• _Task objective_:
The span to repeat in the listing below runs from the line containing "This is the second" to the line containing "And then the", inclusive. Repeat it exactly, and only it.

───

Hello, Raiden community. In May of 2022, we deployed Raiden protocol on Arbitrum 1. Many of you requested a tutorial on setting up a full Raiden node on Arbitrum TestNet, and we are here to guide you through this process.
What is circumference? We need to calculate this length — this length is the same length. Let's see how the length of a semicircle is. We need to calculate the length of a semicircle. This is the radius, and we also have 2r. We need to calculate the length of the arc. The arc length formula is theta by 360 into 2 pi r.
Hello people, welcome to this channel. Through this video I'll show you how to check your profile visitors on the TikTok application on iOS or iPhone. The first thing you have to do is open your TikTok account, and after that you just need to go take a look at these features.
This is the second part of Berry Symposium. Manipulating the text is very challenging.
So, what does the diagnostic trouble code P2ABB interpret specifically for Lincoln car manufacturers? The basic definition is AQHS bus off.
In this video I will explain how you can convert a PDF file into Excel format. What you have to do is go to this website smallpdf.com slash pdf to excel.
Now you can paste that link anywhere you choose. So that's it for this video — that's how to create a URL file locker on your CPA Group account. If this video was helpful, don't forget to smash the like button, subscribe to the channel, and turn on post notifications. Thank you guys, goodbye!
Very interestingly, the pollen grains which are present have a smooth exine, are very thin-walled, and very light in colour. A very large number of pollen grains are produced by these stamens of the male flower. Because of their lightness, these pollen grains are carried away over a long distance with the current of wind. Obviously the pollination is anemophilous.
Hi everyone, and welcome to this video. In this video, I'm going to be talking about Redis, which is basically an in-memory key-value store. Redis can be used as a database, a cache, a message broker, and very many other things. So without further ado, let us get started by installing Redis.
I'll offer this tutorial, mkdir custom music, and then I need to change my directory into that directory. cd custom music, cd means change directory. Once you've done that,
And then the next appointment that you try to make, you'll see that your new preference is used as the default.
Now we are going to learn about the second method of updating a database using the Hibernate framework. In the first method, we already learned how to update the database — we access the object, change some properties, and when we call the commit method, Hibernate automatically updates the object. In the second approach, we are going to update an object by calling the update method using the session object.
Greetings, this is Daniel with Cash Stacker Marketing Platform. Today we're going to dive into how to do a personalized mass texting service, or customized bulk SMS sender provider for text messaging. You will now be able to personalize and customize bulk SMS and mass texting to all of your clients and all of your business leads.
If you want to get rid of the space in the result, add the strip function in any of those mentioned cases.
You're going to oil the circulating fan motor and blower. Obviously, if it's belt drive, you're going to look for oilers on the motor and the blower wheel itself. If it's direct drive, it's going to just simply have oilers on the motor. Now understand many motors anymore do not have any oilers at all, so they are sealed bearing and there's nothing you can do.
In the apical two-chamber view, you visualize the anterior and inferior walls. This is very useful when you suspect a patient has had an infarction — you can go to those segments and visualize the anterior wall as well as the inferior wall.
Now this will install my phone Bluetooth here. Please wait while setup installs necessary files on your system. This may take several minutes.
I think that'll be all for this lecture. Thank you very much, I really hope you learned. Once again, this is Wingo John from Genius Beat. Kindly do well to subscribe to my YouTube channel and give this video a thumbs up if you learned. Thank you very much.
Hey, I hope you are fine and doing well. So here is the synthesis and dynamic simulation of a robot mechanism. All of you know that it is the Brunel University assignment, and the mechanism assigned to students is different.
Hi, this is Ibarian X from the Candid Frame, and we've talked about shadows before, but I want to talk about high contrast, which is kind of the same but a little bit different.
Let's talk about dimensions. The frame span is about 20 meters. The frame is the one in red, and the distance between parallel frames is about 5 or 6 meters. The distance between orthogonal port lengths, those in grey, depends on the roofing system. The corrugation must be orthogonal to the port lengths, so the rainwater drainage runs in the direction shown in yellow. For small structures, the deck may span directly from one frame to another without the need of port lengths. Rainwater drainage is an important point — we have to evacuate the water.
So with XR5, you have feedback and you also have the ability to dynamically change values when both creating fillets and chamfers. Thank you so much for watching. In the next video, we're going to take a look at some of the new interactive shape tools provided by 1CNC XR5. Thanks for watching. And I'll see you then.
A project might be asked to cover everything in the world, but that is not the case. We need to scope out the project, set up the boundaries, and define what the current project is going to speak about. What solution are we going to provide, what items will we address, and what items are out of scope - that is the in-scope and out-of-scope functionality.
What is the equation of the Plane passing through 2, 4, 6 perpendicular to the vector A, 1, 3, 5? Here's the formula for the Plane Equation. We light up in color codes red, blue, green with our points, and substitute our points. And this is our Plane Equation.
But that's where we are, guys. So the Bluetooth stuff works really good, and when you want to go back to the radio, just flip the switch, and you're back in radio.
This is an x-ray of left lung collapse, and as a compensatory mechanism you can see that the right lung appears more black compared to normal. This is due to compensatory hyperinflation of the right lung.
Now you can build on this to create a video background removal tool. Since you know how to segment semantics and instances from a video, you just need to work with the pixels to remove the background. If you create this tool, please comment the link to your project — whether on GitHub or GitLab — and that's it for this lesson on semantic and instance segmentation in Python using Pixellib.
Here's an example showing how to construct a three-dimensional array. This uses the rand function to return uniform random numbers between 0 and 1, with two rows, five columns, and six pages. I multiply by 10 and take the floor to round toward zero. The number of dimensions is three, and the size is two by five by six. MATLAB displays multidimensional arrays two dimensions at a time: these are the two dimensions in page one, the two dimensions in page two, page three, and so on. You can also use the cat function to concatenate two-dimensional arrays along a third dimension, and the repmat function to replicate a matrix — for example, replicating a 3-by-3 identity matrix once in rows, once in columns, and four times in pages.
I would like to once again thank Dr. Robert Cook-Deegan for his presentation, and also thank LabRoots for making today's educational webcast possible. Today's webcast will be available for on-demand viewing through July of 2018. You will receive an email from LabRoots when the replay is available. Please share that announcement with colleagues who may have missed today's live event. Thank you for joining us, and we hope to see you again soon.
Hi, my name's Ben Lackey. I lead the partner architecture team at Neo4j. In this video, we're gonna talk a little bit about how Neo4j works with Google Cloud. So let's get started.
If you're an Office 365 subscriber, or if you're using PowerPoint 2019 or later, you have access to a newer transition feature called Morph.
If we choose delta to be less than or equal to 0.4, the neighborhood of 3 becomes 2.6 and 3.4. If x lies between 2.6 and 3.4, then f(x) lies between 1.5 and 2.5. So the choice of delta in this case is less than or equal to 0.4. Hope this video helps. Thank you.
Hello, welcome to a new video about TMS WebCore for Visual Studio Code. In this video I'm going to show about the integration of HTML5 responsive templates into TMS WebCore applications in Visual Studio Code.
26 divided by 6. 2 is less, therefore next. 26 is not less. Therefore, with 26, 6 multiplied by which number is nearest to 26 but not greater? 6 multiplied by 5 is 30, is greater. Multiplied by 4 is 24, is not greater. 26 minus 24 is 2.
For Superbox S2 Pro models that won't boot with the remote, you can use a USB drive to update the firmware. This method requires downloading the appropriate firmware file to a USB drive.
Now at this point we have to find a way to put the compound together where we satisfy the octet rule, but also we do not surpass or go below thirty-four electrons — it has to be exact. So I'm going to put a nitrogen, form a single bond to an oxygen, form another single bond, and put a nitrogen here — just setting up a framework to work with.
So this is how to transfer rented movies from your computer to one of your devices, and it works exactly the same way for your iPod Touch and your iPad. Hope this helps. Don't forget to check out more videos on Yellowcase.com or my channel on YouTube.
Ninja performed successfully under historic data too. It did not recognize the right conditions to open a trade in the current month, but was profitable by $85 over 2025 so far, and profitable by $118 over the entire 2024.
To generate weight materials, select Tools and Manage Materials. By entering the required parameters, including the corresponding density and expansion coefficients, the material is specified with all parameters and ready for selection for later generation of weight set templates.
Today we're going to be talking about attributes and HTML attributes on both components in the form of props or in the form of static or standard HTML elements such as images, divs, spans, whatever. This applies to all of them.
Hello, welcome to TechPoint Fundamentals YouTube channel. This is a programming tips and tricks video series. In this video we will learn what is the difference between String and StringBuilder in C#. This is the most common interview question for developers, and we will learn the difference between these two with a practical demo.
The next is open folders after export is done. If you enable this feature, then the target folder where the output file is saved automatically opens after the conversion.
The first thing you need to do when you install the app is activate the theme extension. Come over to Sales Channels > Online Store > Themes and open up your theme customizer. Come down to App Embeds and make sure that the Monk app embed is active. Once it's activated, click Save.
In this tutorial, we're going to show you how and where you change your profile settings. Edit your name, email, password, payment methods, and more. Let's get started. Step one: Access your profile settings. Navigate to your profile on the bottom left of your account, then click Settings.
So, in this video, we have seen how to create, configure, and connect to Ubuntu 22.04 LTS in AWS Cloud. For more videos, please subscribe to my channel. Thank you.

───

• _Your response_:
This is the second part of Berry Symposium. Manipulating the text is very challenging.
So, what does the diagnostic trouble code P2ABB interpret specifically for Lincoln car manufacturers? The basic definition is AQHS bus off.
In this video I will explain how you can convert a PDF file into Excel format. What you have to do is go to this website smallpdf.com slash pdf to excel.
Now you can paste that link anywhere you choose. So that's it for this video — that's how to create a URL file locker on your CPA Group account. If this video was helpful, don't forget to smash the like button, subscribe to the channel, and turn on post notifications. Thank you guys, goodbye!
Very interestingly, the pollen grains which are present have a smooth exine, are very thin-walled, and very light in colour. A very large number of pollen grains are produced by these stamens of the male flower. Because of their lightness, these pollen grains are carried away over a long distance with the current of wind. Obviously the pollination is anemophilous.
Hi everyone, and welcome to this video. In this video, I'm going to be talking about Redis, which is basically an in-memory key-value store. Redis can be used as a database, a cache, a message broker, and very many other things. So without further ado, let us get started by installing Redis.
I'll offer this tutorial, mkdir custom music, and then I need to change my directory into that directory. cd custom music, cd means change directory. Once you've done that,
And then the next appointment that you try to make, you'll see that your new preference is used as the default.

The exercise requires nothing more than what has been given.